According to NASSCOM, each year over 3 million graduates and post-graduates are added to the Indian workforce. However, of these only 25% of technical graduates and 10-15% of other graduates are considered employable by the rapidly growing IT and ITES (IT enabled services) segments. Hence, what we have today is a growing skills gap reflecting the slim availability of high-quality college education in India and the galloping pace of the country's service-driven economy, which is growing faster than most of the countries in the world.

A university-industry interaction is mutually benefitting as it provides industry an opportunity to grow its business by using the results of academic research. At the same time, university is in need of a partner that can take its discoveries/research findings to the market place.

The interaction can also earn additional resources of R&D, secure training and final placements for students based on the respect earned from the relationship established with industry.

The academic knowledge base can also help in reducing industrial cost, improving quality and competitive dimensions in products, reducing dependence on foreign know-how and expenditure on internal R&D. It can also assets the industry in upgrading the knowledge base of industry professionals through management development programmes.

Possible areas of interaction

The university and industry can establish interface at varying levels with different degrees.

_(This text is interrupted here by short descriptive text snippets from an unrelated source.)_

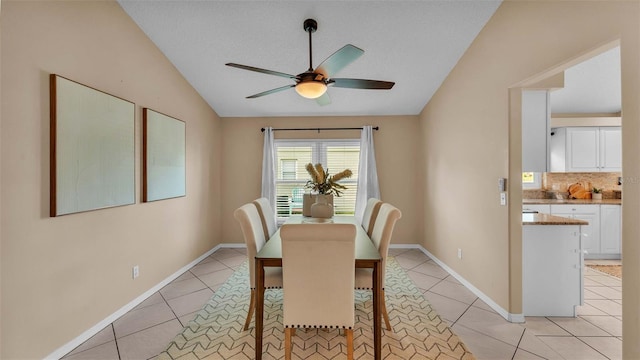 tiled dining space with ceiling fan and vaulted ceiling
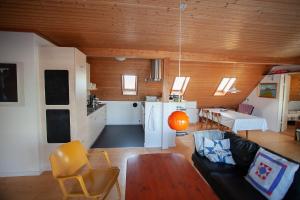 een woonkamer met een bank en een tafel bij Tórshavn - Central - City & Ocean Views - 3BR in Tórshavn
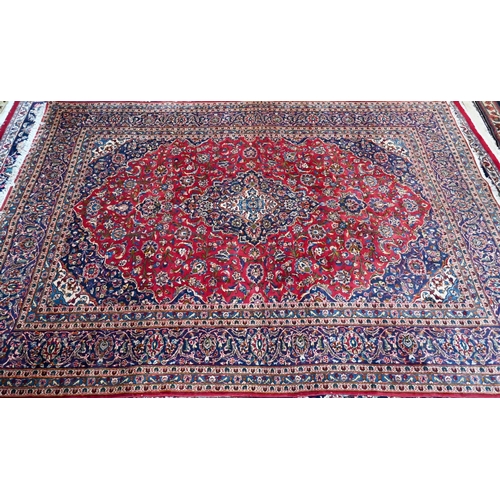 753 - An old Persian kashan carpet, the mid blue ground with floral medallion, 337 cm x 244 cm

This can range from simple consultations or visits to in-depth researches.

Factors which hinder interaction

In the backdrop of the above facts, there are some factors which hinder university-industry interaction. From university's side, some of the inhibiting factors are: lack of initiative amongst faculty towards applied research, lack of incentive to faculty, lack of experts and specialised technical infrastructure, bureaucratic hurdles in utilising consultancy funds, etc.

Whereas from industry's side, these factors include: insensitivity to or lack of awareness of the resource potential of the academia; a blind, herd-like obsession with expensive, high-profile professional consultants; easy availability of foreign know-how; bad experience of earlier interactions with academia, etc. Further, absence of a full time/exclusive university-industry interaction cells in both the university and industry is also an important inhibiting factor.

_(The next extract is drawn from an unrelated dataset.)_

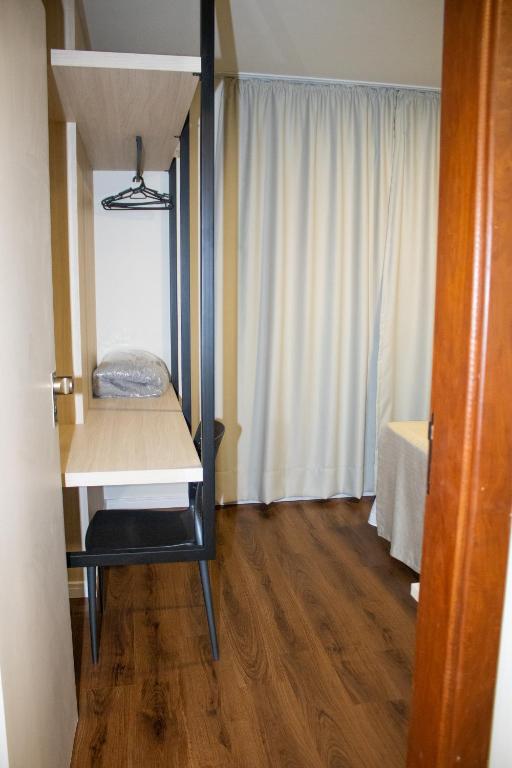 Postel nebo postele na pokoji v ubytování Golden Ingá Hotel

Following are some of the areas in which university-industry interface can take place:

  • Industry support to basic research
  • Industry participation in technology development
  •  involving some exploratory work
  •  Collaborative R&D activities
  •  Industry experts/representatives involved in
  •  Academic Bodies Academic intervention in solving specific industry problems
  •  Laboratory utilisation by industry Continuing education programme
  •  Student Placement


How the interaction can be achieved?


For achieving a mutually beneficial relationship, there is a need for
change in the approach of both the university and industry. To promote university-industry interaction, following steps can be undertaken:

  • Establishment of university-industry partnership/interaction cell.
  • Organising workshops, conferences & symposia with joint participation
  • Participation of experts from industry in curriculum development.
  • Professional consultancy by the faculty to industries.
  • Visits of industry executives to the university and deliver lectures on industrial practices, trends and experiences.
  • Joint research programmes
  • R&D laboratories sponsored by industries at the university.
  • Scholarships/fellowships instituted by industries for students.
  • Practical training of students in industries.

Apart from industry associations, the universities should also establish linkages with government agencies which are engaged in industrial development activities.